Just check out this video of me right after I have read the book, it is almost like I have had a fire lit right under me as I begin to decompress the tremendous volume of information that I have powered through.

Okay google, add to my list…

Which list would you like to add to?

Notes reading the goal…

I was truly intrigued by what the goal truly is: make money. That’s the goal, and like any self propagating system, as is outlined in Dr. Theodore J. Kaczynski (Eye Opening Experience Reading Anti-tech Revolution), the power principle while rise to meet the challenge of its goal or will be destroyed by the process of trying to achieve it. And as we follow the main character Alex Rogo on his journey through making his plant a profitable one, we see a microcosm for how policies themselves are self propagating systems that left unchecked for so long have nearly bankrupted the entire company at large.

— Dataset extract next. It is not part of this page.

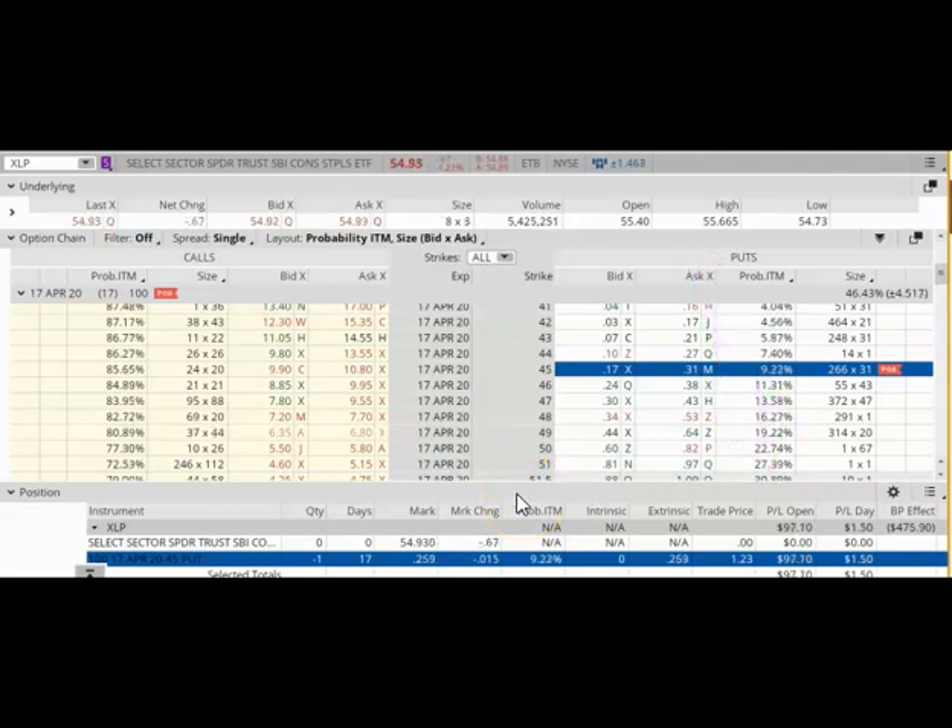The way to close this trade is by buying back my short put option. The question is, should I do it today or should I wait? Right now, XLP is trading at around $55 and my strike price is $45, so at the moment I'm still about $10 out of the money, which means that my strike price is $10 below the current market price of XLP. According to the statistics, there's still about a 9% chance that this option could end up in the money in 17 days. Right now, this put option is trading between $0.17 and $0.31 — that's a wide bid-ask spread, unfortunately, so I won't be able to get the best price if I close it out today.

That’s where the theory of constraints comes in. By focusing all attention to the slowest producing machine in the entire facility, or the slowest kid on the hike (an example provided by the book), administration can determine how to exploit the fact that the rate of which the single slowest machine is the rate that the whole factory is bound. That isn’t to say that bottlenecks are a bad thing, but when you optimize each individual machine to its fullest capacity irrespective of the factory as a whole, you essentially are running the machine into the ground.

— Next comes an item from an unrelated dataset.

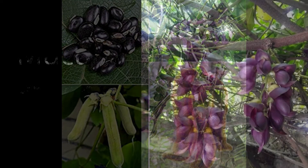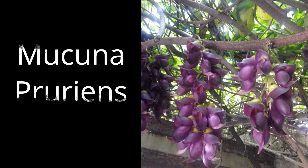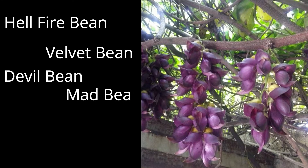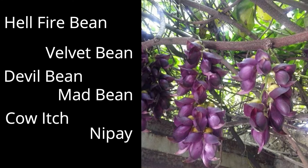The official name is Mucuna pruriens. It also has many other names such as hellfire bean, velvet bean, devil bean, mad bean, cow itch, nipa, and more.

After a series of changes in how the order of work is handled in the factory, Alex and the gang learn very quickly the power of using a process oriented approach to improvement: what to change (losing money), what to change it to (making money), and how to make the change (theory of constraints). And the gang discovers that the process for applying the theory of constraints is fairly straight forward as well:

  1. Find the constraint(s)
    There might be multiple constraints in what ever system that you are looking into, but ideally you want to only be working with one if that’s what your system has.
  2. Exploit the constraint(s)
    Once you have identified the constraint, particularly the bottleneck, you need to do everything to exploit its performance. Not in a glug glug action, but in a ever flowing action. As it is repeated over and over, one hour lost at the bottleneck is an hour lost across the entire organization. And if the bottleneck is going glug-glug, instead of simply and easily flowing, that means that the system is losing money.
  3. Subordinate everything to the previous decisions
    You have made the decision to make the system run to the beat of that bottleneck, now you must make everything else in that system obey that pace. You don’t want to have tremendous amounts of inventory showing up all over the place, e.g. tying up capital as work-in-progress instead of shipping orders in an orderly rate.
  4. Elevate the constraint
    After you have the system flowing evenly, you need to find ways to open the capacity of the bottleneck. This is the equivalent of taking the mouth of the bottle and stretching it wider or even making another mouth altogether, just so long as that point in the machine remains as the bottleneck.
  5. Start over if the bottleneck breaks, but be cognizant of momentum as it has a stacking effect.
    The last thought here is that this is a process of on-going improvement, you need not be concerned when problems arise. You have probably made the whole system start to run at a break neck speed compared to anything you’ve ever done before. Adjust the system to meet with this newly formed momentum.

Anyway, this book was incredibly enlightening and I am taking what I have learned and seeking out the potential bottlenecks in my personal life, and in my business life. I hope to be able to find some neat resources out there that will help me identify and exploit these bottlenecks so that I can subordinate everything else in my life to them. Afterward, I hope to elevate the capacity of these bottlenecks. Who knows what will happen, I might have to reconsider the entirety of my life from this new perspective.

Where have you seen or used the theory of constraints, where would you expect to see bottlenecks in your personal or business life?